Arrange points in a high-dimensional space when you only have distances (no coordinates) I'm working on an algorithm to determine how similar two files are. You feed $2$ files into the algorithm and the algorithm returns a natural number. If this number is $0$, the files are identical. If they have similar contents, the number is small, if they are different, the result is a larger number (of the order of the length of the larger file).
I want to use this algorithm to compare many files (e.g. thousands of log files) to group them into clusters based on their similarities. But most clustering algorithms work with the coordinates of points in a multidimensional space. But I do not have coordinates. I have distances only.

1st question:
If the triangle inequality applies for each triple of distances (Let $a,b,c$ be the three distances, $a \le c \land b \le c$, then $a+b \ge c$): Is it then guaranteed that the $n$ points between which the distances are known can always be arranged in a ($n-1$)-dimensional space?
I would use the following algorithm:

*

*Sort the files (points) in any order, so you have Points $p_1, p_2, p_3$ etc.

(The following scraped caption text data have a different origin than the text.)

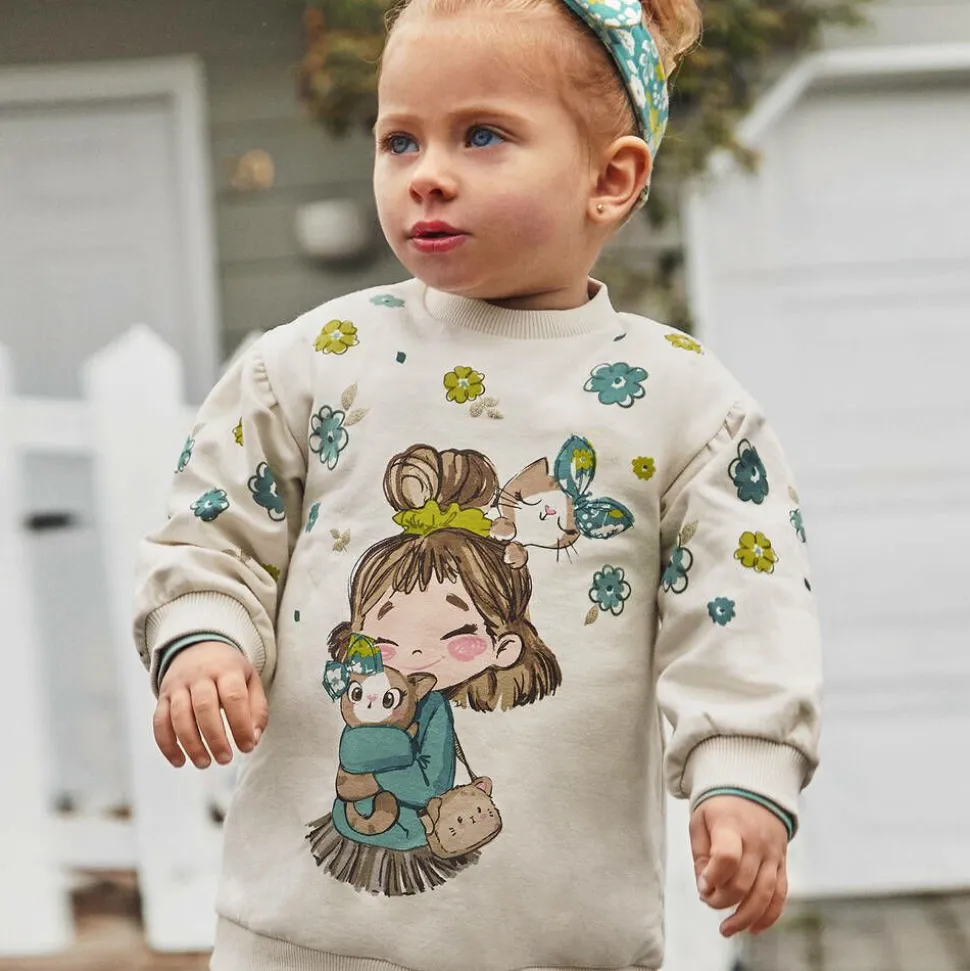 Girls Ivory Cotton Sweatshirt Dress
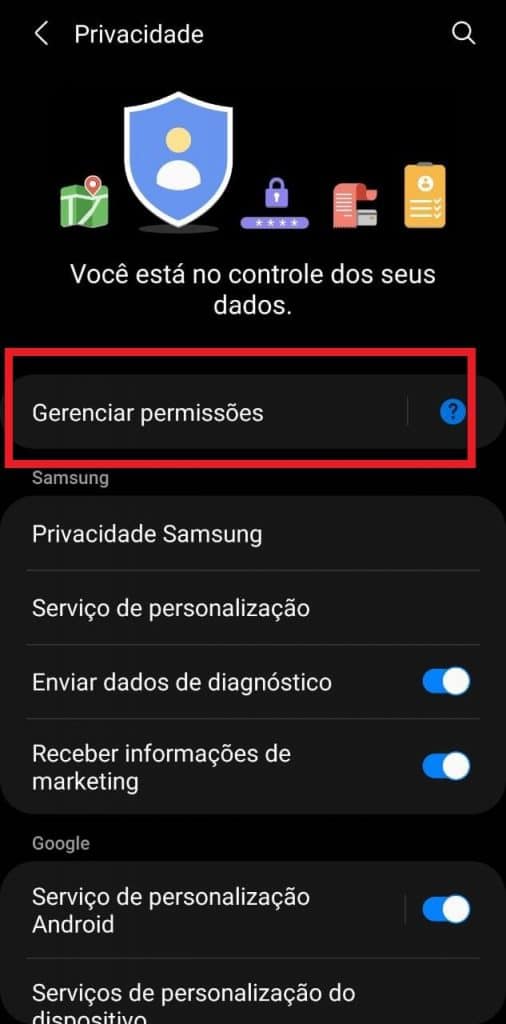 Print do sistema operacional do Android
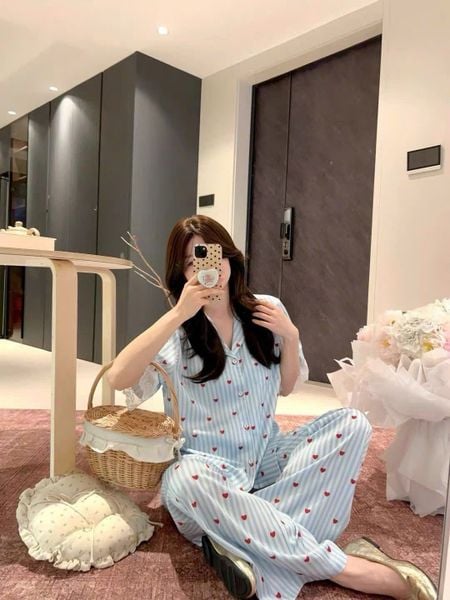  BỘ PYJAMA LỤA PHỐI REN KẺ SỌC TRÁI TIM PM6822 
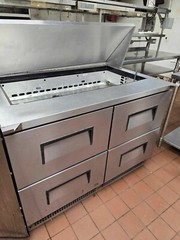 True TFP-48-18M-D-4 48″ Sandwich/Salad Prep Table w/ Refrigerated Base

*Set the point $p_1$ to the coordinate origin

*Set the point $p_2$ on the positive $x_1$ axis, corresponding to the distance $p_1-p_2$

*Place point $p_3$ in the plane defined by axes $x_1$ and $x_2$ so that the distances to the points $p_1$ and $p_2$ are correct and $p_3$ has a non-negative value for its $x_2$ coordinate.

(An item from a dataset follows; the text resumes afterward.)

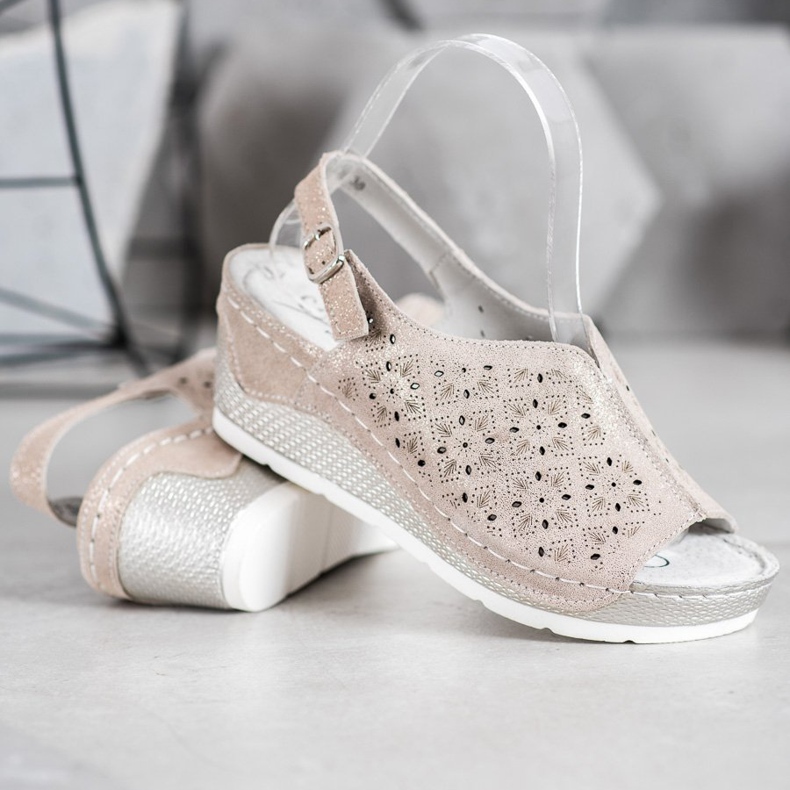 Filippo Nahkaiset sandaalit glitterillä ruskea keltainen 2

*Continue with all further points so that the new point correctly takes all distances to the previous points and that it has a non-negative value for the newly added coordinate.

With my imagination I can understand that I can always use this algorithm to insert $4$ points with the correct distances into a $3$-dimensional space, and my gut feeling tells me that this is also true for all higher dimensions, but gut feeling is not a proof.
Is my assumption correct?

2nd question:
Same problem, but now the triangle inequality is violated. For example, among many thousands of points there are 3 points $A, B, C$ with these distances: $AB = 1, BC = 1000, AC = 1100$. (These are rounded results of a real test run.)
What possibilities do you have to arrange these points in a high-dimensional space? (The purpose is still to find clusters. The purpose is not accurate positioning.)

Addendum
I just posted an answer to my own question in which I showed that my assumption from question 1 was wrong.
But question 2 is still left unanswered, so let me ask it again with other words:
Given a complete graph with $n$ vertices and weights for all of its $\frac{n^2-n}{2}$ edges: What is the best way to embed this graph in an Euclidean space with $n-1$ dimensions, so that each vertex becomes a point and each pair of $2$ points has a distance as close as possible to the weight of the edge that connects both vertices?
 A: My assumption was wrong.
If you have a complete graph with more than 3 vertices, with positive weights for each edge, and if the triangle inequality applies for each triple of edges, then it is not always possible to embed this graph in Euclidean space, so that each vertex is a point and the weight of each edge is a distance.
Let $A,B,C,D$ be the vertices of the graph (points in Euclidean space) with these weights (distances):
$$
\overline{AB} = 5\\  
\overline{AC} = 8\\
\overline{AD} = 5\\  
\overline{BC} = 5\\  
\overline{BD} = 8\\  
\overline{CD} = 5\\  
$$
Since the largest distance is less than twice as large as the smallest distance, the triangle inequality applies to all 4 triangles $ABC, ABD, ACD, BCD$.
Let's begin to create the triangles $ABC$ and $ACD$. They are equal and they have a common edge ($AC$). The height of both triangles over their common edge is $3$. If you embed those triangles in $3D$ space (or any Euclidean space with more dimensions), the points $B$ and $D$ can freely rotate around the side $AC$ as long as they aren't connected. But their distance can never be greater that the sum of both heights, which is $6$. But $\overline{BD}$ should be $8$.
So, it is not possible to embed this graph with its weights in Euclidean space. Any larger complete graph might contain such an impossible tetrahedron as described here, and therefore for all complete graphs with more than 3 edges the triangle inequality is a criterion that is to weak to guarantee that the graph might be embedded in Euclidean space.
qed.